RESISTENZMUSEUM: Luxemburgs weißer Fleck

Die Ausstellung „Between Shade and Darkness“, die das „Schicksal“ der Luxemburger Juden von 1940 bis 1945 beleuchtet, kommt zum richtigen Zeitpunkt. Kann sie konstruktiv zur Diskussion über die Zeit der deutschen Besatzung in Luxemburg beitragen?
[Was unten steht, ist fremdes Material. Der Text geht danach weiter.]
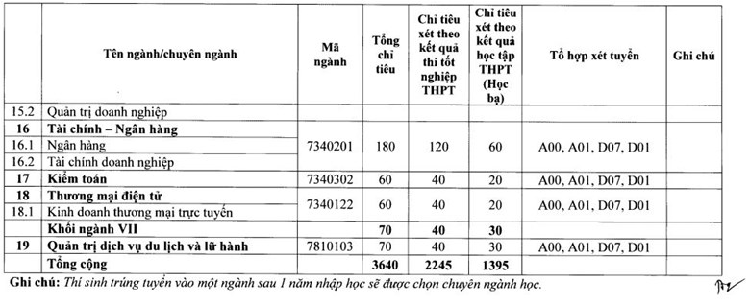 Chi tiết tổ hợp, chỉ tiêu tuyển sinh 2021 – 2022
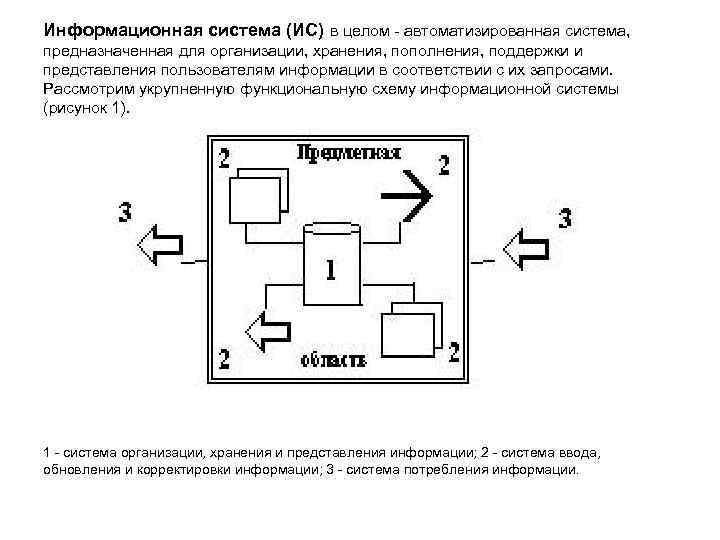 Информационная система (ИС) в целом - автоматизированная система, предназначенная для организации, хранения, пополнения, поддержки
PHOTO: Photothéque Luxembourg

Mit der Polemik um die Listen, die der Historiker Denis Scuto über RTL in die Öffentlichkeit gebracht und über das Tageblatt beworben hat, ist die Frage von Kollaboration und Resistenz während der deutschen Besatzung in Luxemburg zum Thema einer gesellschaftlichen (Stammtisch-)Debatte geworden. Selbst der Premier hatte in seiner Antwort auf die parlamentarische Frage Ben Fayots eingeräumt, dass hinsichtlich der Zeit der deutschen Besatzung „un certain flou“ bestehe. Der Zeitraum sei noch nicht hinreichend erforscht, so Juncker, der prompt die Berufung einer Historikerkommission ankündigte, die dieses „dunkle Kapitel der luxemburgischen Geschichte“ erforschen soll.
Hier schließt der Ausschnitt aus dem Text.